Short text fragments from websites:
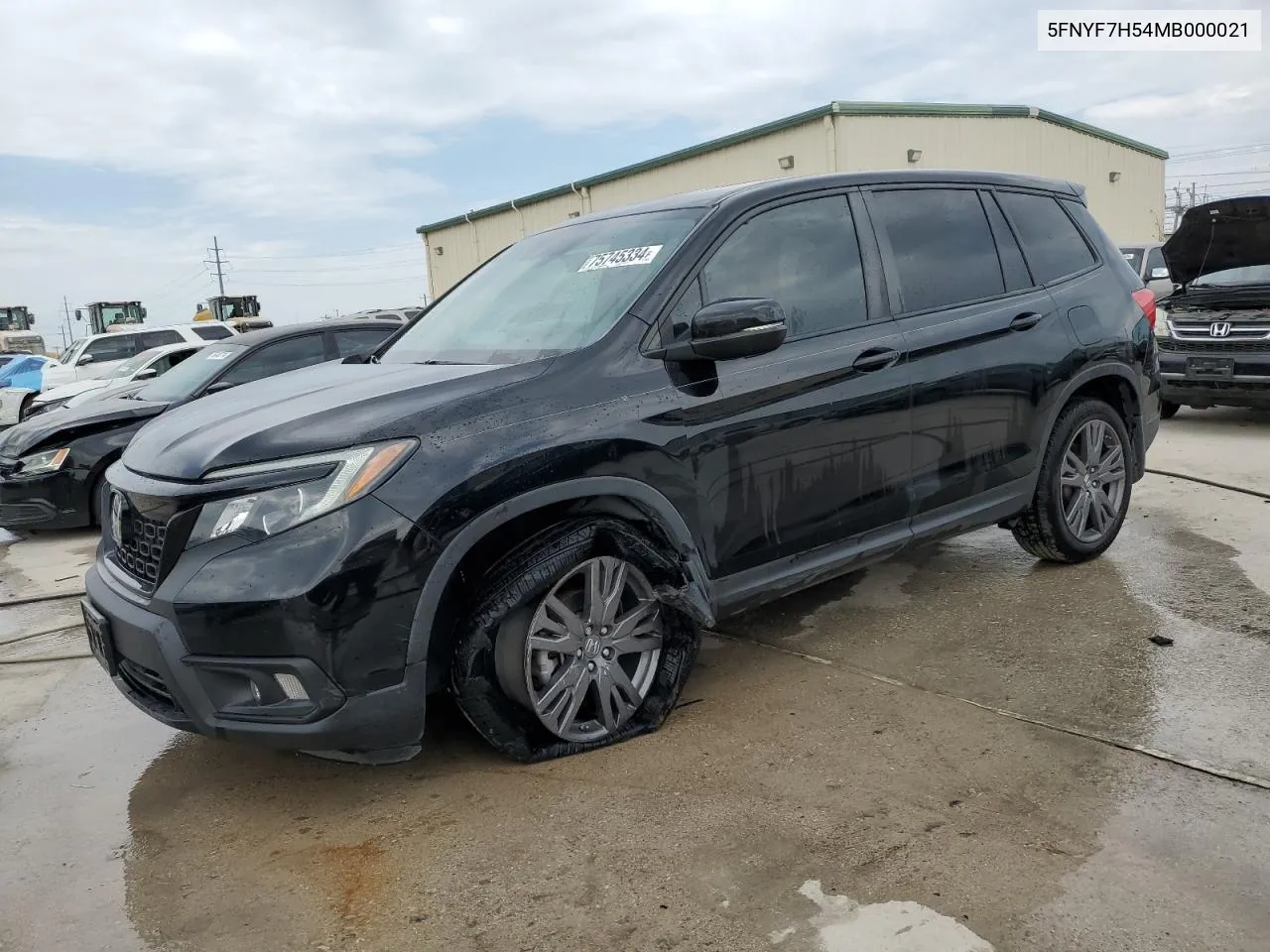 2021 Honda Passport Exl VIN: 5FNYF7H54MB000021 Lot: 75745334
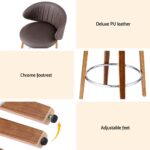 2x Artiss Bar Stools Dining Chairs Contoured Leather Wood Stool - Image 6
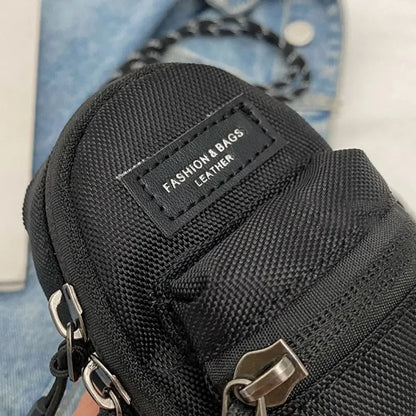 Mini Coin Purses Men Women Couples Crossbody Bag Portable Wallets Earphone Key Shoulder Bags Hip Hop Casual All-match Newest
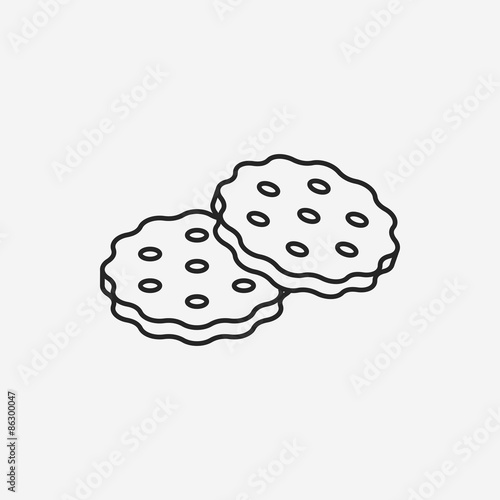 dessert cookie line icon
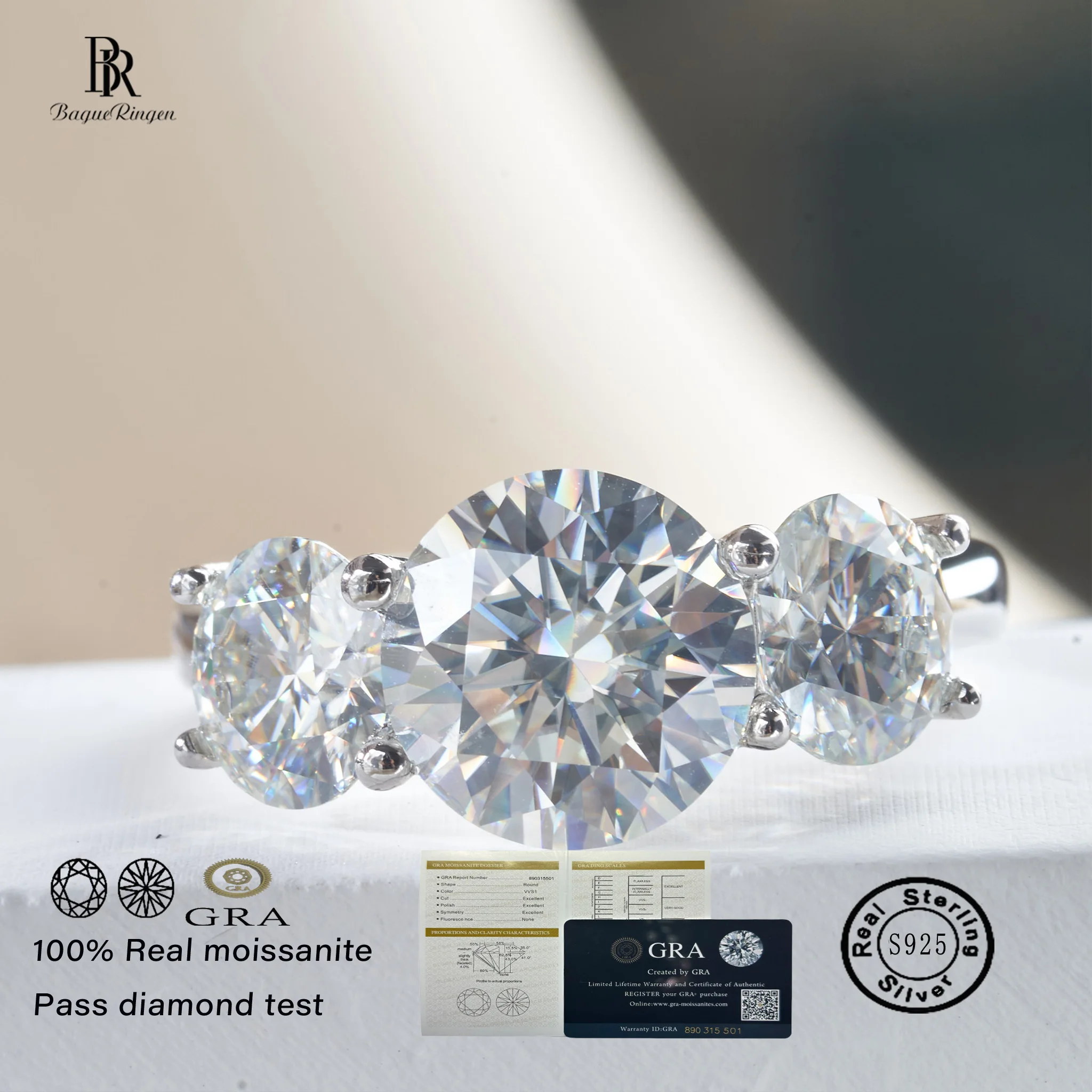 Женское кольцо обещания из серебра 925 пробы с круглым камнем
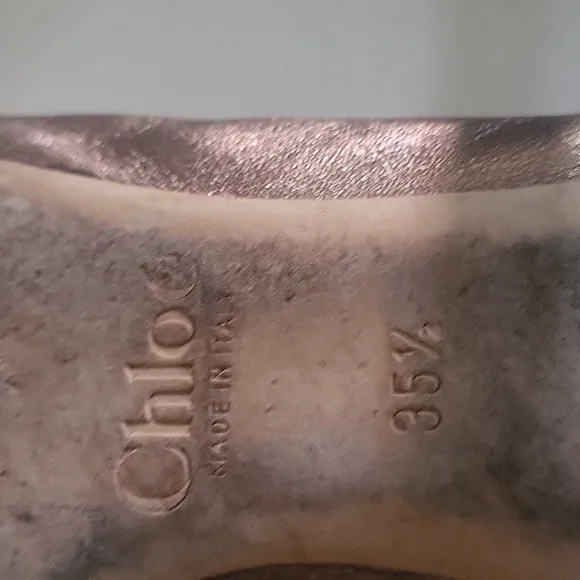 Authentic CHLOÉ Lauren Scalloped Leather Ballet Gunmetal Flats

Work item:
Give an exact copy of the entries, excluding all pictures.

Response for this exercise:
 2021 Honda Passport Exl VIN: 5FNYF7H54MB000021 Lot: 75745334
 2x Artiss Bar Stools Dining Chairs Contoured Leather Wood Stool - Image 6
 Mini Coin Purses Men Women Couples Crossbody Bag Portable Wallets Earphone Key Shoulder Bags Hip Hop Casual All-match Newest
 dessert cookie line icon
 Женское кольцо обещания из серебра 925 пробы с круглым камнем
 Authentic CHLOÉ Lauren Scalloped Leather Ballet Gunmetal Flats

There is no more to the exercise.